In private companies, the board is also usually made up of the key shareholders, in other words, the literal owners of the firm. “When it’s a significant investor, sitting at a strategy meeting and saying, ‘You know, I put a billion dollars into the company and I don't like that direction,’ you better believe that the investor is going to significantly alter the course of the decision,” says Baumgarten. “If they tell a CEO, ‘We don't like your plan, get another one,’ that is their prerogative.”
What to do about it
When CEOs are frustrated by another player, such as a former CEO, O’Keefe suggests starting a conversation about what’s happening. That could mean talking to the former CEO who is holding you back from executing your plans, having a heart-to-heart with the board or even the majority shareholders.
Deciding who to approach first will vary according to the context. In any case, the solution comes down to “understanding everybody's perspectives, desires, wishes, feelings” and then having “a candid conversation about what's happening and what it’s costing the team and the company,” she suggests.
Sometimes a former CEO needs to be told to cut ties entirely. But that’s not the optimal outcome, according to O’Keefe. Ideally, the conversation will clarify roles and responsibilities, she says, and whatever is decided needs to be communicated to the rest of the leadership team.
Skipping that last step, she warns, could lead to ongoing mayhem and misunderstandings. And it happens. She recalls one situation where a CEO and former CEO agreed to changes that would see the ex-leader contributing as a board member but no longer showing up at the office every day.
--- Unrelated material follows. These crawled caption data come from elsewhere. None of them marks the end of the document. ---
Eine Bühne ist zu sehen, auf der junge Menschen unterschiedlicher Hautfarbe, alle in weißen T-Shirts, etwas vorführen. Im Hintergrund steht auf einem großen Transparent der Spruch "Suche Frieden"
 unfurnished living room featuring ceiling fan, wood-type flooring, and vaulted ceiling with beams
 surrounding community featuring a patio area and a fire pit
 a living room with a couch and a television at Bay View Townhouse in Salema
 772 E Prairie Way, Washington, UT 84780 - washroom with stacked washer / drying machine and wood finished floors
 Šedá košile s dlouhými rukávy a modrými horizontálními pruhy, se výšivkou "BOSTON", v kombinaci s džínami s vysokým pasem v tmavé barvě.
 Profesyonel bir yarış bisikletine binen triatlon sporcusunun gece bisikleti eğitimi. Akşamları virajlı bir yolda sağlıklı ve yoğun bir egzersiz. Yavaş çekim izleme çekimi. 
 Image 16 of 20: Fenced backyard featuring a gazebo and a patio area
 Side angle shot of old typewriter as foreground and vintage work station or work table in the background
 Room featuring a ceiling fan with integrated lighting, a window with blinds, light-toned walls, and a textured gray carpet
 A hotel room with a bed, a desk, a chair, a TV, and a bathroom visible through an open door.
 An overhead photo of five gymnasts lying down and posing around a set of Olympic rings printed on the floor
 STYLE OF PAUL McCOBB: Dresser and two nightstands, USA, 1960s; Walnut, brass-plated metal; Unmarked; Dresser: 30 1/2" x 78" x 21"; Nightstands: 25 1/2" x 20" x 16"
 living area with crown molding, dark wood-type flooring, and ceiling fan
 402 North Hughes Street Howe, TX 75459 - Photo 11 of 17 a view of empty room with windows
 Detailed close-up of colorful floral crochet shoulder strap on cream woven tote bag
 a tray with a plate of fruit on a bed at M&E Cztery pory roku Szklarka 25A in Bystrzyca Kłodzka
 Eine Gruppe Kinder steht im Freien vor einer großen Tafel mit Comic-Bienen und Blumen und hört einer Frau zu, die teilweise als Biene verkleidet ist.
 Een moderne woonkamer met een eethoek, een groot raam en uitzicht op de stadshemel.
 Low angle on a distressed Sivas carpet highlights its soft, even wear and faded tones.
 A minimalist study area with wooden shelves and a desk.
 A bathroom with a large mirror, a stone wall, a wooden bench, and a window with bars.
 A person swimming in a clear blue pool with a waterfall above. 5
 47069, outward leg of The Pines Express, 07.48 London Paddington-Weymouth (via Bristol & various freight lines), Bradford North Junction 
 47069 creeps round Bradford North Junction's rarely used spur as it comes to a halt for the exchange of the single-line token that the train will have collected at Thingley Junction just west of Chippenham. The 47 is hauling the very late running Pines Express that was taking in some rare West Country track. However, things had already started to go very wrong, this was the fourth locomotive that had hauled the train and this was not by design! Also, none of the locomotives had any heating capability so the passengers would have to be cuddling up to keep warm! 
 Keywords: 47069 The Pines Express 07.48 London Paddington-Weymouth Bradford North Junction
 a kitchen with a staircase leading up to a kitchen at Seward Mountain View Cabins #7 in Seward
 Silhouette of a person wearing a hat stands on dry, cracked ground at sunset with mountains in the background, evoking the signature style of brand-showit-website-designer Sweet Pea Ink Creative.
While both parties were satisfied with the arrangement, they neglected to inform other employees, who thought that the company’s investors had fired their former boss and that the new CEO had kicked him out.
A CEO juggling multiple interests, or beholden to the board of a privately owned company, needs to set up a system in which they can periodically and explicitly ensure that everyone shares the same vision and that the outside stakeholders approve of what they see the CEO doing, Baumgarten says. The CEO also needs to have a sense of where others expect to have input, or what outsiders can do to complement their skills.
How to avoid becoming a CE-No in the first place
O’Keefe says her advice for anyone who is considering a new CEO role is to first spend time getting to know select people at the firm, from various ranks—including the board and senior leadership—and in a range of roles. “Understand their motivations, interests, concerns, and priorities,” she says.
It’s not uncommon for candidate executives to have focus groups and one-to-ones within the firm, she explains, adding, “I would urge anyone having these conversations to be less focused on the last person, and more focused on the future. If there are concerns about the predecessor, they will come out.”
Baumgarten adds that CEO candidates at private companies should meet with a firm’s owners and investors to ensure that everyone is in agreement about how much non-CEOs will be involved in the company’s day-to-day operations. Do board members want to recommend partnerships for the firm and make introductions or do they plan to visit the company personally to weigh in on discussions? If you do take the job, he adds, remember to hold check-in conversations periodically, because the demands the CEO and others face will change over time as will outside perceptions of what’s happening inside the company. Make sure people know there’s a system for reviewing how responsibilities are being shared, and “stay very connected and disciplined about those roles.”